“My dear, you were a baby at the time I knew your mother. I think you were just able to toddle across the drawing-room the day I bade her good-bye, before I went to Scotland with Lochinvar—our last journey, poor dear man. He died the following winter.”
The butler announced luncheon, and they went into an ideal dining-room, purely Oriental, with hangings of a dull pale pink damask interwoven with lustreless gold, its only ornaments old Rhodes salvers shining with prismatic hues, its furniture of cedar inlaid with ivory.
“I am quite alone to-day,” said Lady Lochinvar. “My nephew is driving to Monte Carlo by the Cornice, and will not be back till dinner-time.”
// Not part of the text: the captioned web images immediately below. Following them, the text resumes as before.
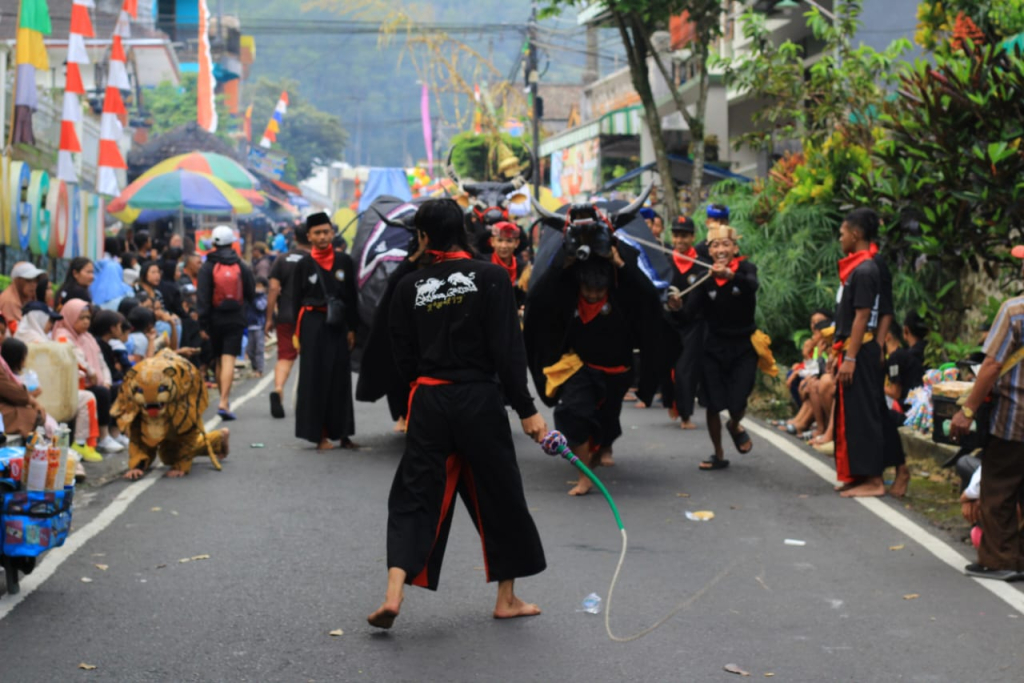 Ngarak Banteng 1 Suro Empu Supo ke-18 Siap Semarakkan Kota Batu, Angkat Semangat Kebangkitan Budaya
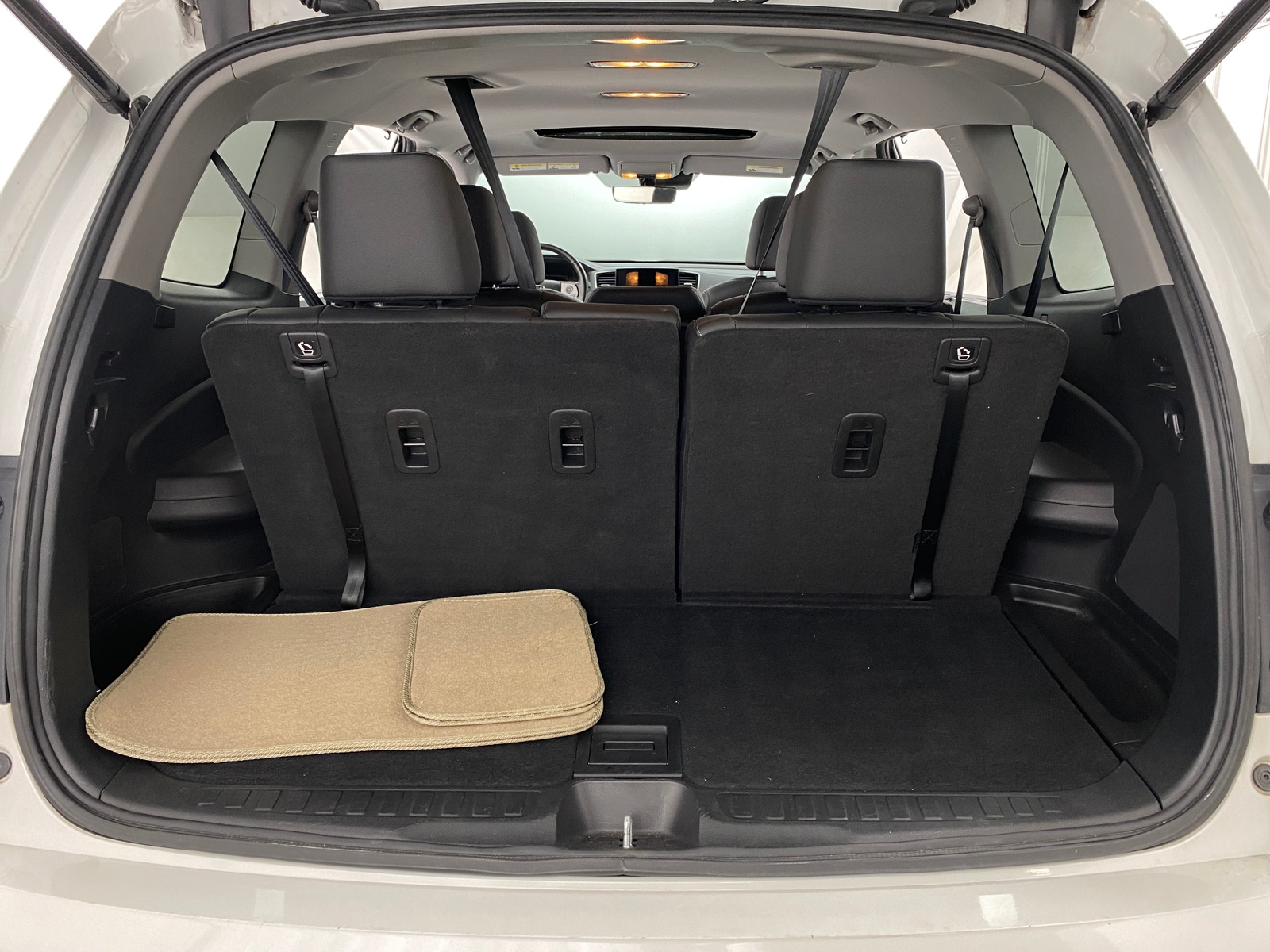 Thumbnail: 2021 Honda Pilot - 6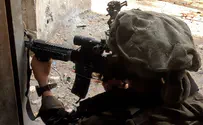 Бойцы «Эгоз» совершают рейд на лагерь «Шати» на севере Газы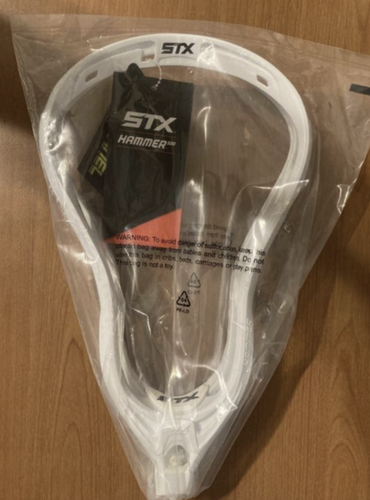 New STX Hammer 500 Lacrosse Head - Brand New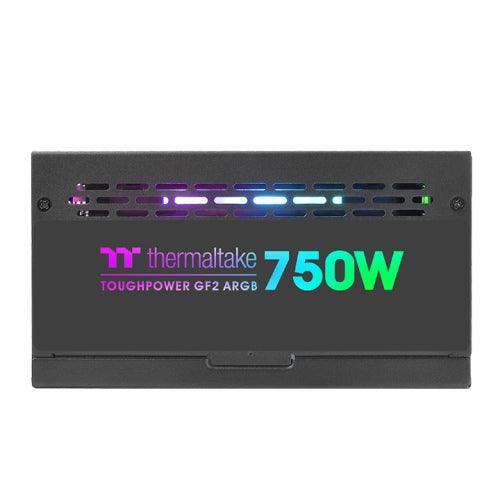 Toughpower GF2 ARGB 750 Watt - Thermaltake Toughstore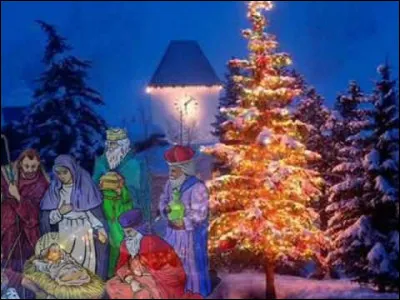 Quel artiste interprète la chanson "Noël pour un enfant roi" ?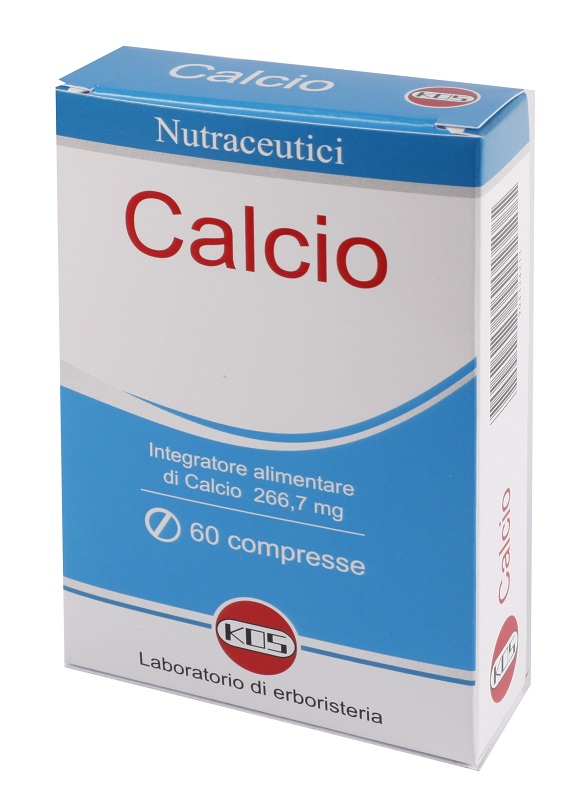 CALCIO 60 COMPRESSE - farmasconti.eu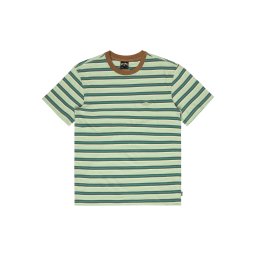 BILLABONG Tricou 'Baxter' bej / verde / verde deschis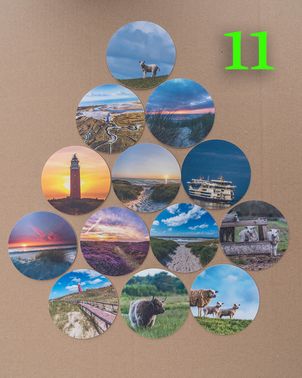 Onderzetters 11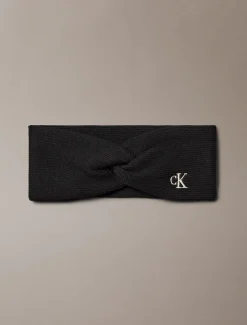 Zachte gedraaide hoofdband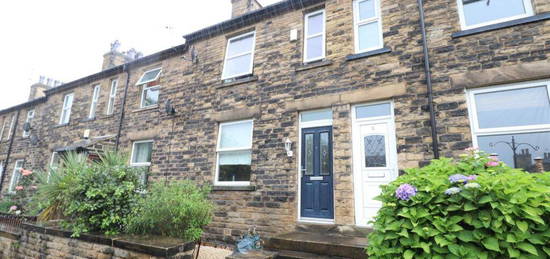 2 bedroom terraced house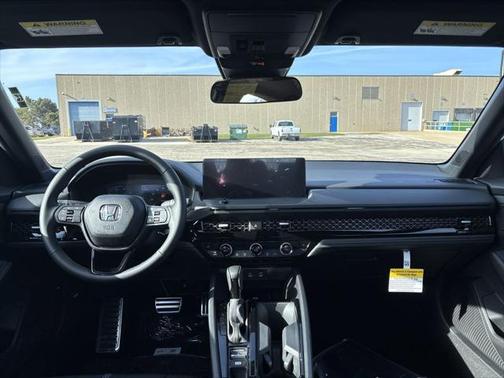 2025 Honda Accord Hybrid Base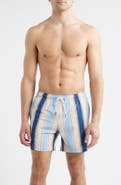 MAVRANS Strike A Match Swim Trunks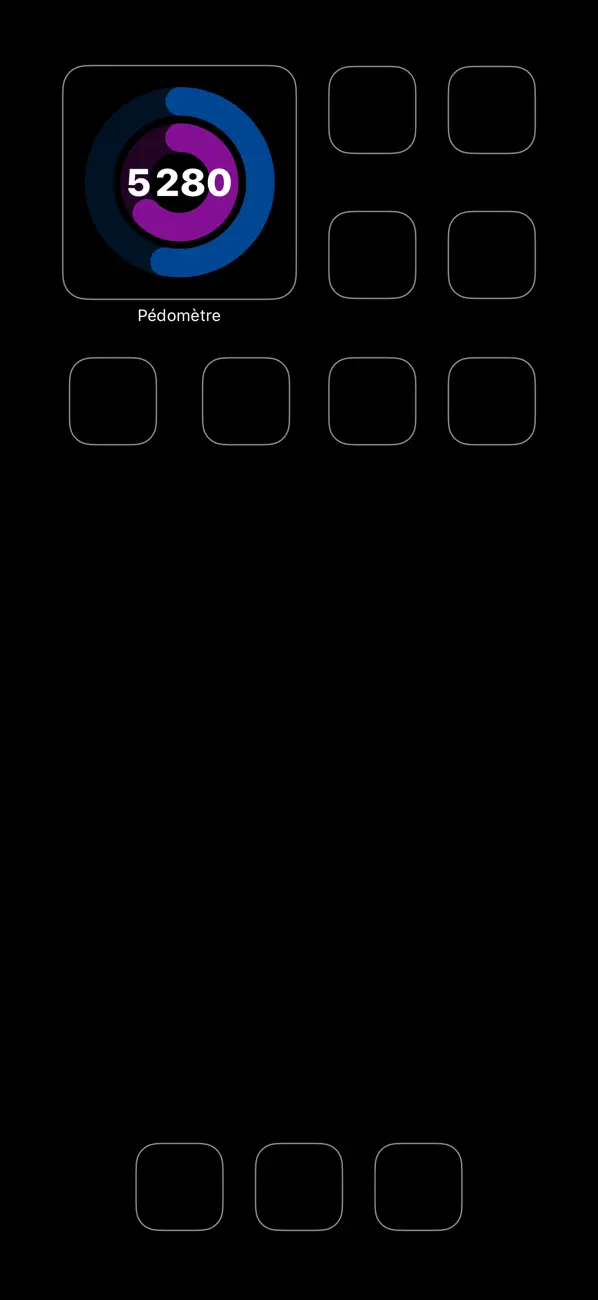 Screenshot #2 pour Podomètre Plus - Étape Tracker
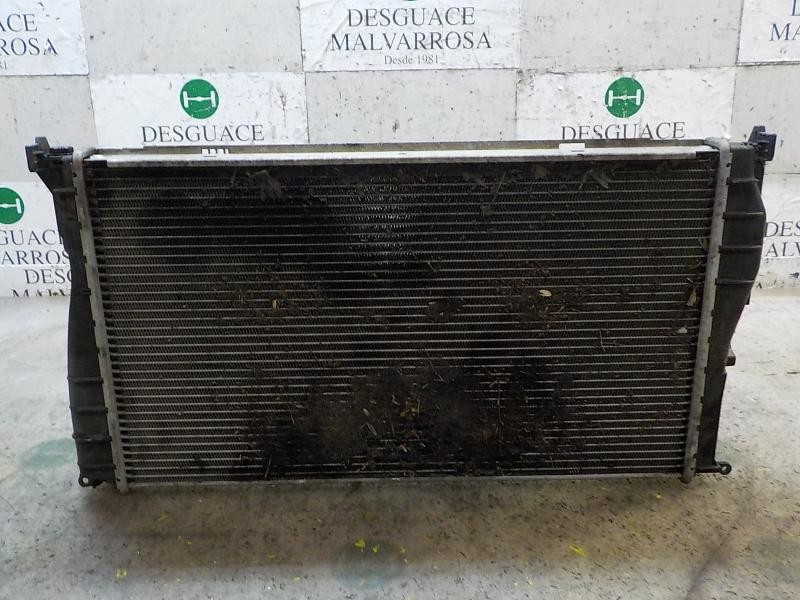 Recambio de radiador agua para bmw serie 3 berlina (e90) 320d referencia OEM IAM 17117788903  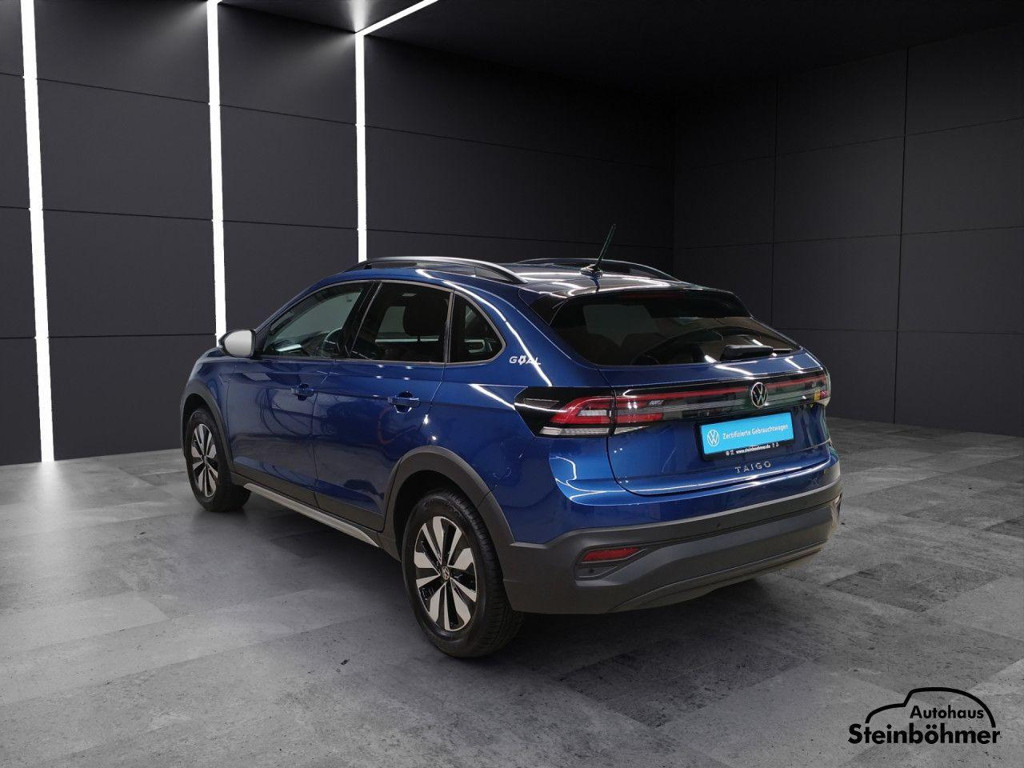 Volkswagen Taigo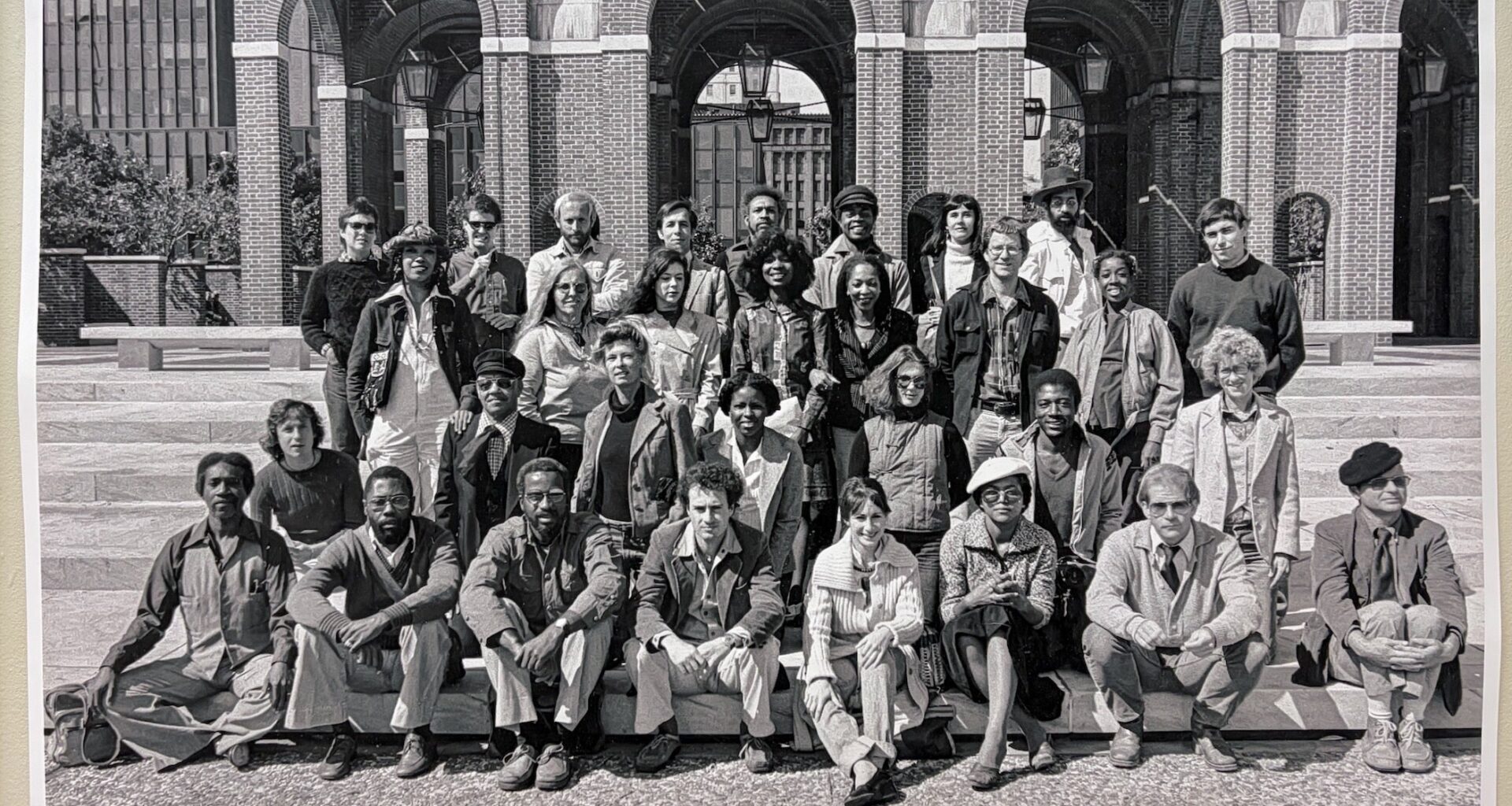 Philly City Hall remembers an federal act that put artists to work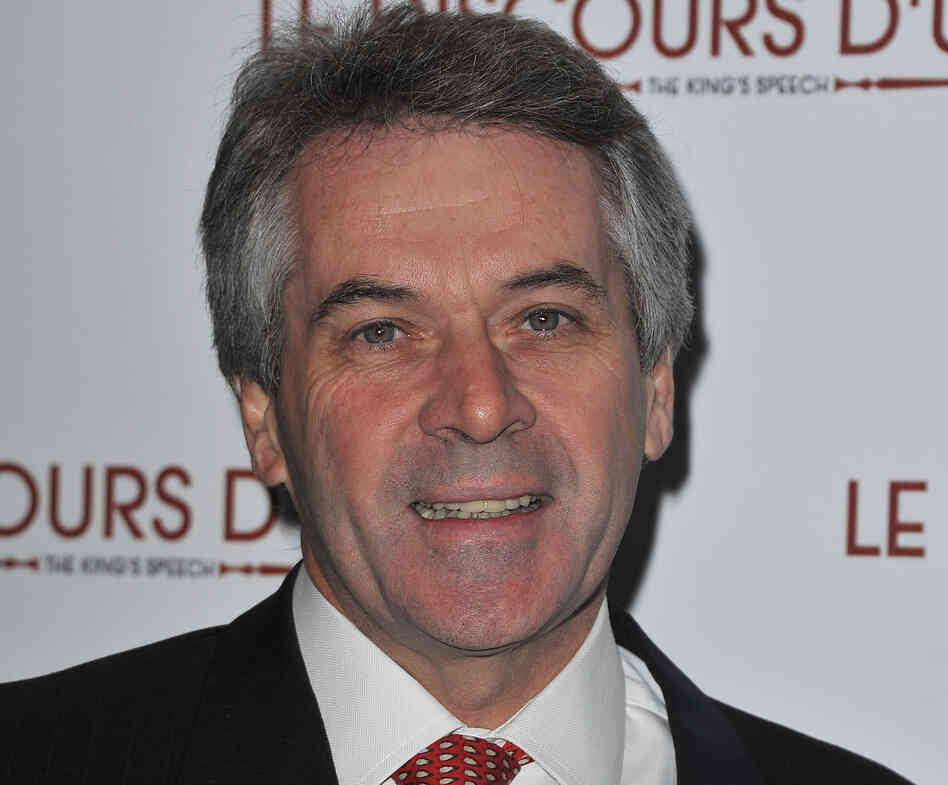 Sir Peter Westmacott, then-British ambassador to France, attends the Paris premiere of the film Le Discours d'un Roi at Cinema UGC Normandie on Jan. 4, 2011. Sir Peter Westmacott, then-British ambassador to France, attends the Paris premiere of the film Le Discours d'un Roi at Cinema UGC Normandie on Jan. 4, 2011.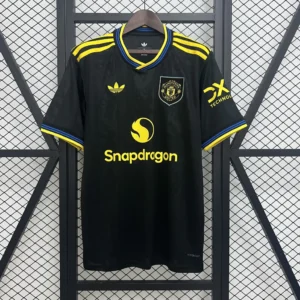 Camisa Manchester United - Third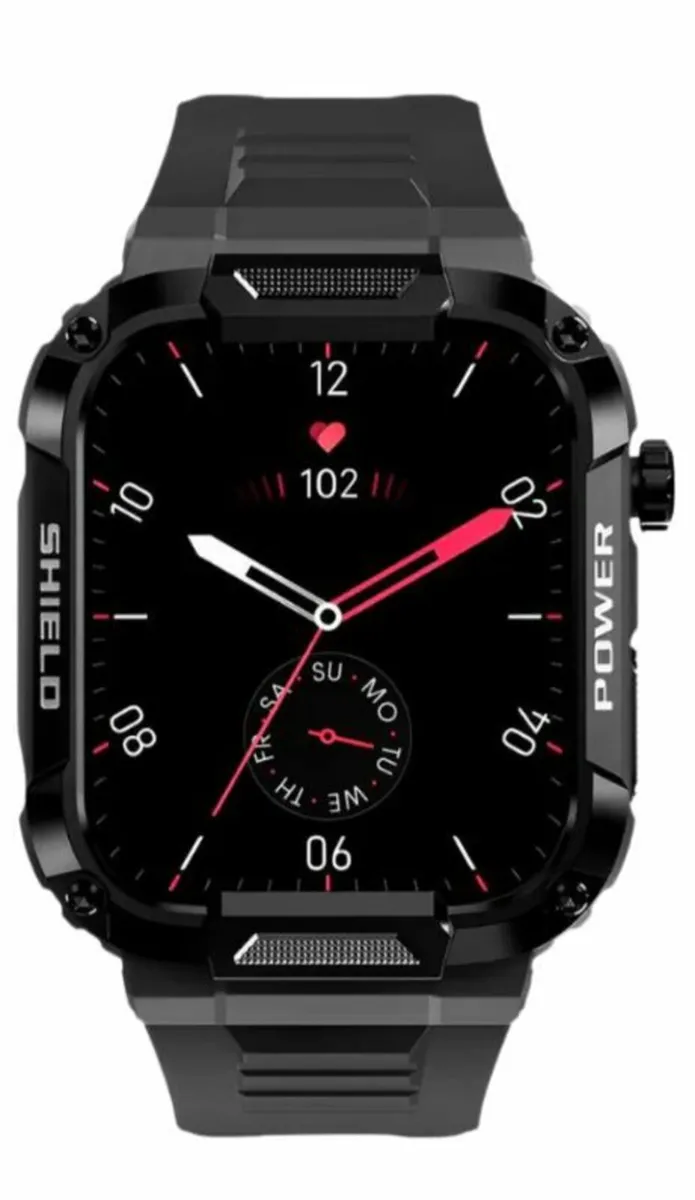 Gard Pro Ultra Smart Watch BRAND NEW - Image 1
“I am very glad to be alone with you, Lady Lochinvar. I feel myself bound to tell you that I had an arrière-pensée in seeking your acquaintance, pleasant as it is to me to meet any friend of my mother’s youth.”
Lady Lochinvar looked surprised, and even a little suspicious. She began to fear some uncomfortable story. This sad-looking woman—such a beautiful face, but with such unmistakable signs of unhappiness. A runaway wife, perhaps; a poor creature who had fallen into disgrace, and who wanted Lady Lochinvar’s help to regain her position, or face her calumniators. Some awkward business, no doubt. Lady Lochinvar was generous to a fault, but she liked showing kindness to happy people, she wanted smiling faces and serenity about her. She had never known any troubles of her own, worse than losing the husband whom she had married for his wealth and position, and saw no reason why she should be plagued with the troubles of other people. Her handsome countenance hardened ever so little as she answered,
“If there is any small matter in which I can be of service to you—” she began.
“It is not a small matter; it is a great matter—to—to a friend of mine,” interrupted Mildred, faltering a little in her first attempt at dissimulation.
Lady Lochinvar breathed more freely.
“I shall be charmed to help your friend if I can.”
The butler came in and out, assisted by another servant, as the conversation went on; but as his mistress spoke to him and to his subordinate only in Italian, Mildred concluded they understood very little English, and did not concern herself about their presence.